Honorare: Kritik an Propaganda gegen niedergelassene Mediziner

Kein Streik, aber Empörung bei Ärzten

Hersfeld-Rotenburg. Mit einem Streik niedergelassener Ärzte müssen die Patienten im Kreis Hersfeld-Rotenburg heute noch nicht rechnen. Das erklärte Dr. Thomas Lepper (Phillippsthal) als Vertreter des Hausärzteverbands auf Nachfrage. Die Kassenärzte verschiedener Ärzteverbände hatten am Freitag gedroht, ab heute viele Praxen aus Protest geschlossen zu halten, wenn die Krankenkassen ihr Honorarangebot für die bundesweit 150 000 niedergelassenen Ärzte und Psychotherapeuten nicht nachbesserten.
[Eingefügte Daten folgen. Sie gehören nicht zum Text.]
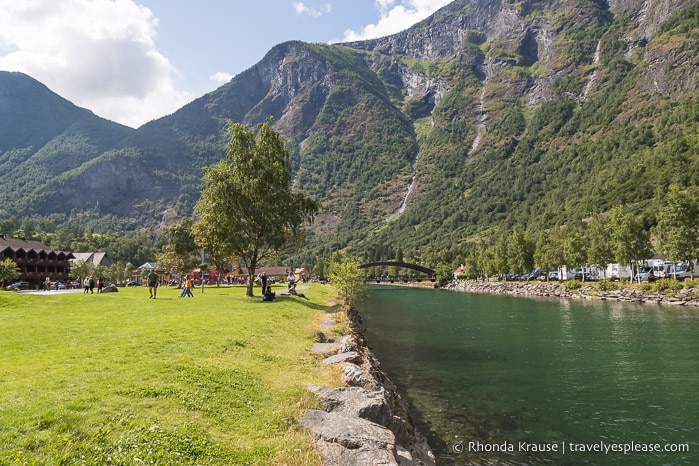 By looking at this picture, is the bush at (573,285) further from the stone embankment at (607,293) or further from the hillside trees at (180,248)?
the hillside trees at (180,248)

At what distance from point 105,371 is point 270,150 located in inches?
1360

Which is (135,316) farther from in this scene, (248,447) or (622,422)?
(622,422)

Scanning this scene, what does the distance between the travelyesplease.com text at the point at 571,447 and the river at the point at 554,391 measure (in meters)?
0.04

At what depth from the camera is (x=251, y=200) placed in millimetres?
42594

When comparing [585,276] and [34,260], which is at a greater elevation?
[34,260]

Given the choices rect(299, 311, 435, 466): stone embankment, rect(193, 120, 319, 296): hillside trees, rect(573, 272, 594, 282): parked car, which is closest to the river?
rect(299, 311, 435, 466): stone embankment

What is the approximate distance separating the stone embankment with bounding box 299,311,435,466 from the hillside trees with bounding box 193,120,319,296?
2689 cm

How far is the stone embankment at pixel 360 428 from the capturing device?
9211 mm

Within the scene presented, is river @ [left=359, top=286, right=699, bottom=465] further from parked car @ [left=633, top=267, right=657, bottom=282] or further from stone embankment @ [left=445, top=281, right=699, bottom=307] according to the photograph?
parked car @ [left=633, top=267, right=657, bottom=282]

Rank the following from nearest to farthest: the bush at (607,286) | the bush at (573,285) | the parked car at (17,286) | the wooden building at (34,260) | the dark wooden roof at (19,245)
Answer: the parked car at (17,286) → the bush at (607,286) → the bush at (573,285) → the dark wooden roof at (19,245) → the wooden building at (34,260)

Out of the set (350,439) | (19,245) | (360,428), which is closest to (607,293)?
(360,428)

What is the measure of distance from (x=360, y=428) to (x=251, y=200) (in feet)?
114

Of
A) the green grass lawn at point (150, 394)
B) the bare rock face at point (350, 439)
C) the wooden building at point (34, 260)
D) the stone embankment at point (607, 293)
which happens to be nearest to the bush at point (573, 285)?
the stone embankment at point (607, 293)

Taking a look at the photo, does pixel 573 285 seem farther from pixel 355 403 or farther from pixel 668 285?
pixel 355 403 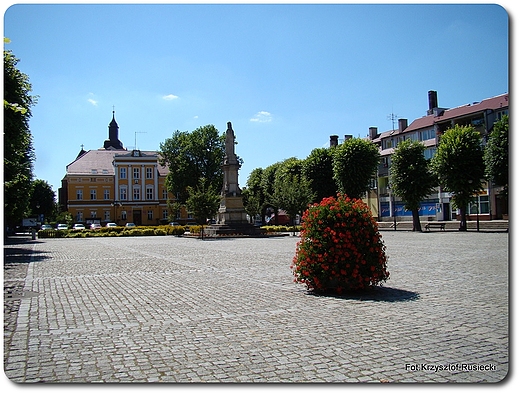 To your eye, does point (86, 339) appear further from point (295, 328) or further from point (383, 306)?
point (383, 306)

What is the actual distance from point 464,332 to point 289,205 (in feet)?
121

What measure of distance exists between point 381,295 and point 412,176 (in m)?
37.0

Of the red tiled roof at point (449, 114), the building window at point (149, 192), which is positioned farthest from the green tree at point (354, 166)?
the building window at point (149, 192)

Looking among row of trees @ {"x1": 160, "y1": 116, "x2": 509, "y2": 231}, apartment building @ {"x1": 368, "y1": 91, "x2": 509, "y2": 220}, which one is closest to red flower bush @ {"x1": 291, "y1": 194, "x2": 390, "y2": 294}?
row of trees @ {"x1": 160, "y1": 116, "x2": 509, "y2": 231}

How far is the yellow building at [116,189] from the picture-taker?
3209 inches

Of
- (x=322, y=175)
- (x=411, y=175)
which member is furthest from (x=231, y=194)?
(x=322, y=175)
Gestern nun wurden zwar die Verhandlungen erneut abgebrochen. Dennoch zeichnet sich in unserem Kreis bislang kein Streik ab. Er persönlich halte nicht viel von Streiks, sie schadeten den Patienten, und die Politik wache trotzdem nicht auf, erklärte Lepper. Er spricht von Propaganda gegen die Ärzte. Erst wenn junge Ärzte sich nicht mehr niederließen, wachten die Verantwortlichen auf.

Der Sprecher des Hausärzteverbands im Kreis Hersfeld-Rotenburg, Dr. Martin Ebel (Bad Hersfeld), spricht von Stimmung, die gegen die Ärzte gemacht werde. Die Kassen säßen auf Milliarden Überschüssen und versagten den Kassenärzten eine bescheidene Erhöhung. Das sei ein falsches Signal für den Nachwuchs, erklärte Ebel.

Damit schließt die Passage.